Jonás Trueba s'amuse.
Il superpose les images, remonte le temps, bouscule son montage, fait des splits screens, bouscule les raccords, imagine des cartons ironiques.
Il s'amuse.
Citant Truffaut, Hong Sang-Soo, Kierkegaard, son père (Fernando Trueba), lui-même.
Il s'amuse.
Il joue avec le rythme, les genres, les styles, passant sans prévenir du mélo arty à la comédie.
Il brise le 4ème mur, plonge son film dans son film, bouscule les linéarités, s'autocritique.

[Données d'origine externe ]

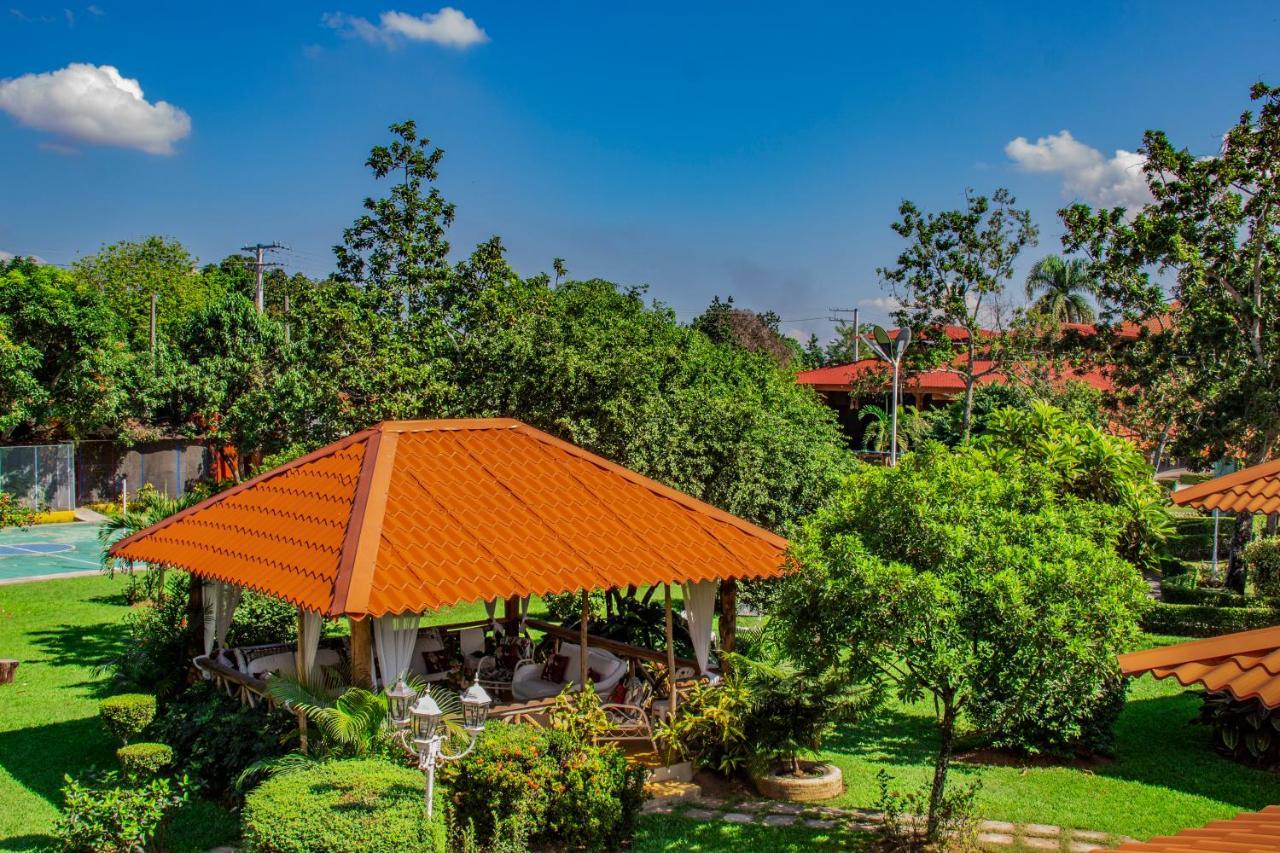 Rancho Guacamayos Hotel & Restaurantes Bonao Екстер'єр фото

Il s'amuse, en famille, avec ses amis, son père, son frère, sa troupe, avec lui-même, mettant en scène son alter ego ("Prueba").
Mais derrière cet amusement, ce jeu de mot visuel de deux heures, cette grammaire complexe mais légère, Trueba touche, de manière peut-être plus frontale, la tristesse, creuse l'amour, ses méandres, ses circonvolutions, son ridicule, sa gravité. En tournant le dos au spectaculaire, aux thèmes avec un grand T, Trueba nous parle mieux que personne du quotidien, et par sa forme bousculée, de ses accidents et de leur sublimation.
Dans une œuvre à nulle autre pareille (linéaire ou circulaire, ou même en zig zag, on ne saura répondre) et poétique, volontairement maladroite, créant la confusion entre l'art et la réalité, nous surprenant sans cesse, il nous fait tourner la tête.
Et continue de tisser le fil d'une filmographie qui délivrera son génie et sa cohérence au moment où le collier qu'elle fabrique sera perlé.